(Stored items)
::::
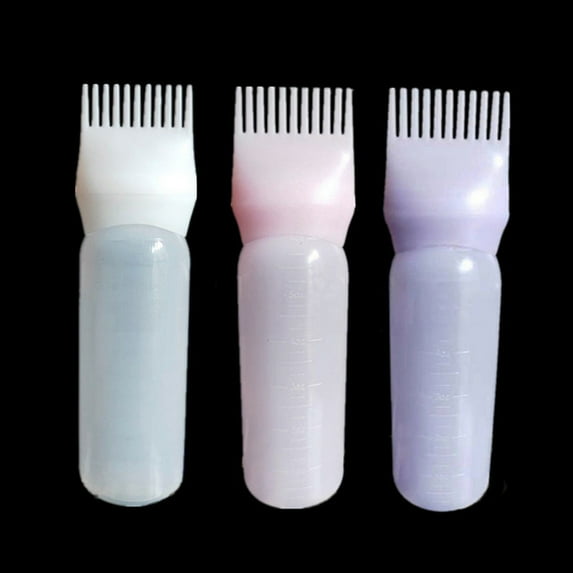 Toothed Hair Coloring Bottle Comb Toothed Bottle Dyeing Cream Coloring Hair Care Pot Shampoo Bottle Hair Salon Household Beauty Salon Supplies Tools-Pink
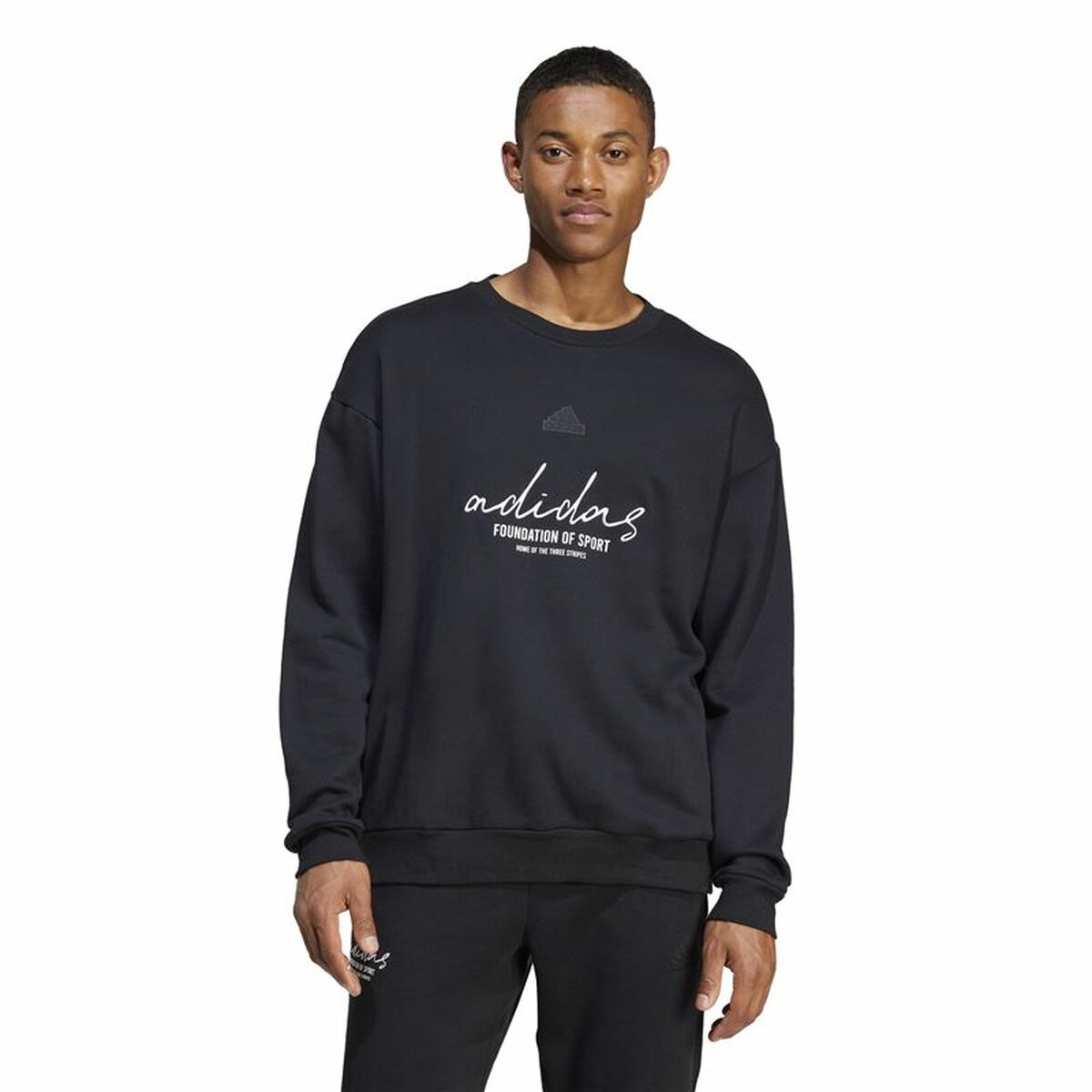 Tröja utan huva Herr Adidas Brand Love French Terry Svart - 2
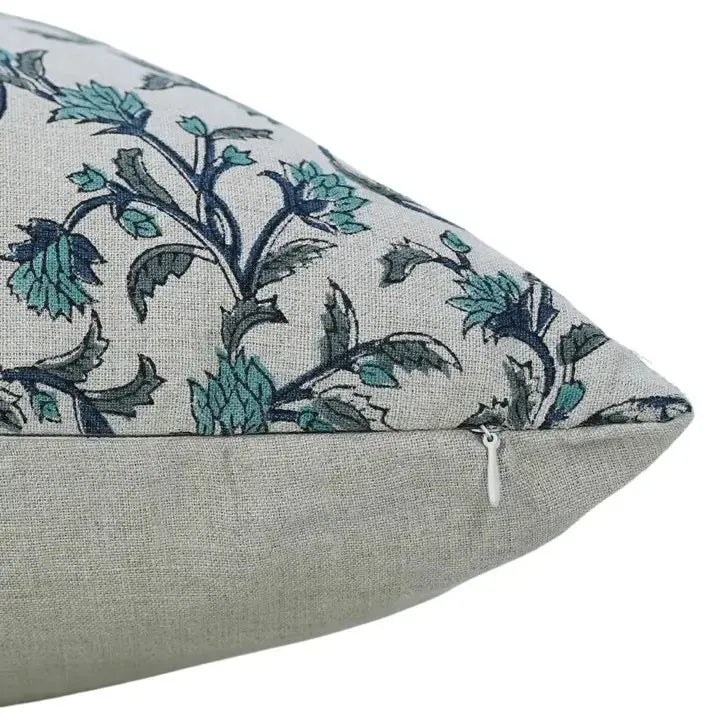 Floral Hand Block Print Boho Pure Linen Pillow Cover- Pushp Varsha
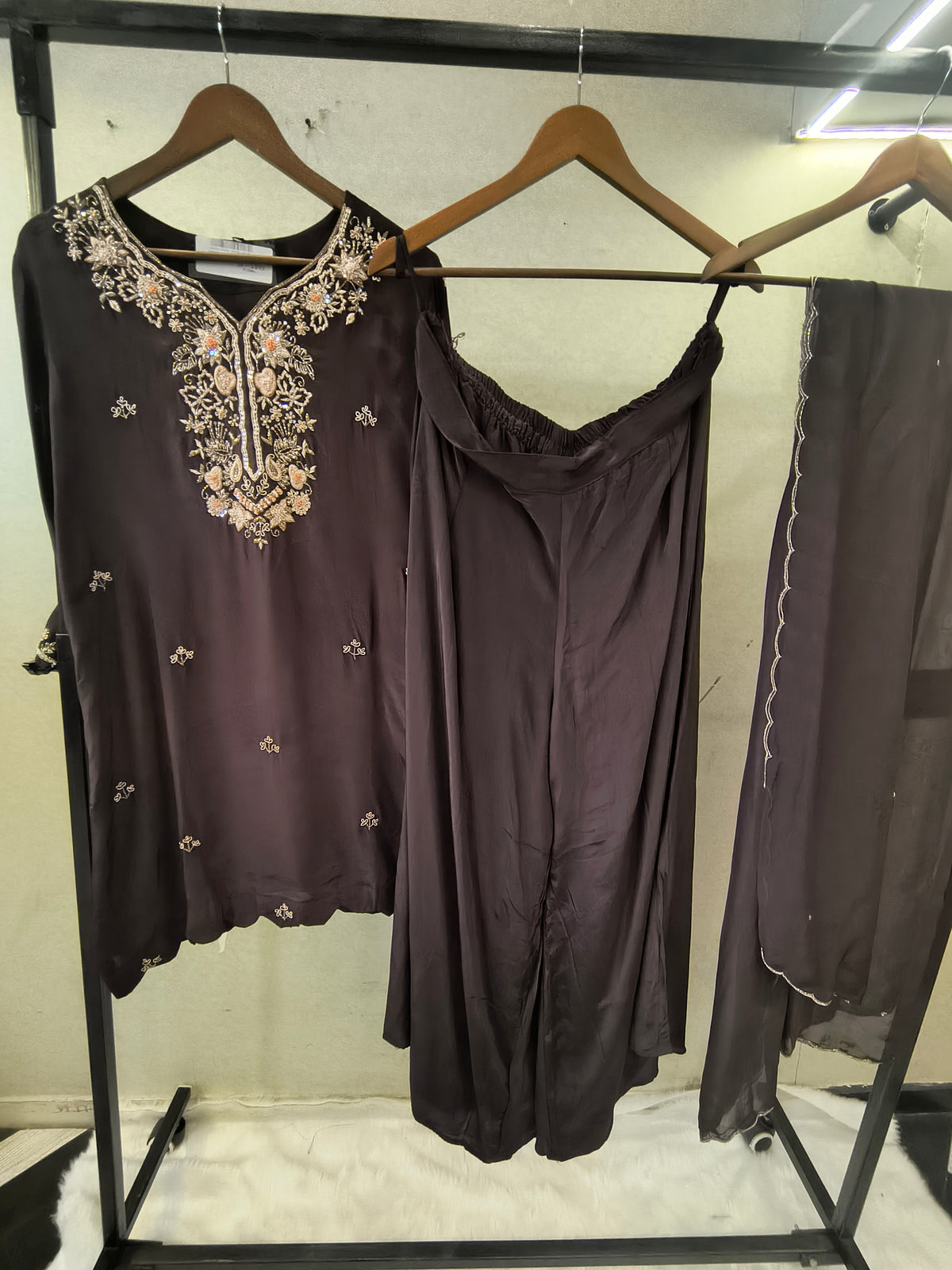 Chocolate Brown Embroidered Straight Kurta Set with Wide Palazzo & Chiffon Dupatta | Premium 3 Piece Festive Ensemble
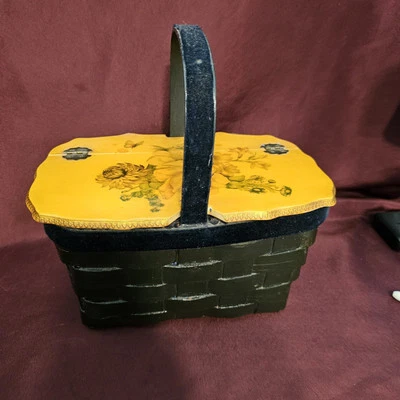 VTG 1970s Hand Painted & Decorated Basket Handbag Purse Decoupage Flower Velvet - Image 1 of 4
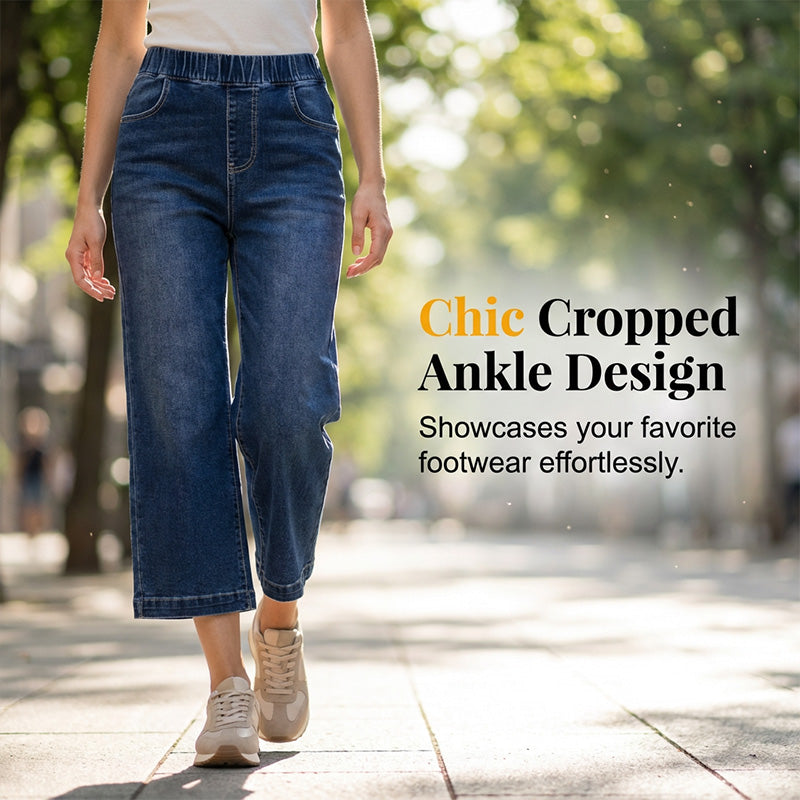 📢📢30% OFF !! ⏰Women's Pull-On Wide-Leg Cropped Denim Jeans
::::
Instructions to follow ▸ Transcribe the complete set of entries verbatim. No pictures belong in the copy.

Answer box ▸
 Toothed Hair Coloring Bottle Comb Toothed Bottle Dyeing Cream Coloring Hair Care Pot Shampoo Bottle Hair Salon Household Beauty Salon Supplies Tools-Pink
 Tröja utan huva Herr Adidas Brand Love French Terry Svart - 2
 Floral Hand Block Print Boho Pure Linen Pillow Cover- Pushp Varsha
 Chocolate Brown Embroidered Straight Kurta Set with Wide Palazzo & Chiffon Dupatta | Premium 3 Piece Festive Ensemble
 VTG 1970s Hand Painted & Decorated Basket Handbag Purse Decoupage Flower Velvet - Image 1 of 4
 📢📢30% OFF !! ⏰Women's Pull-On Wide-Leg Cropped Denim Jeans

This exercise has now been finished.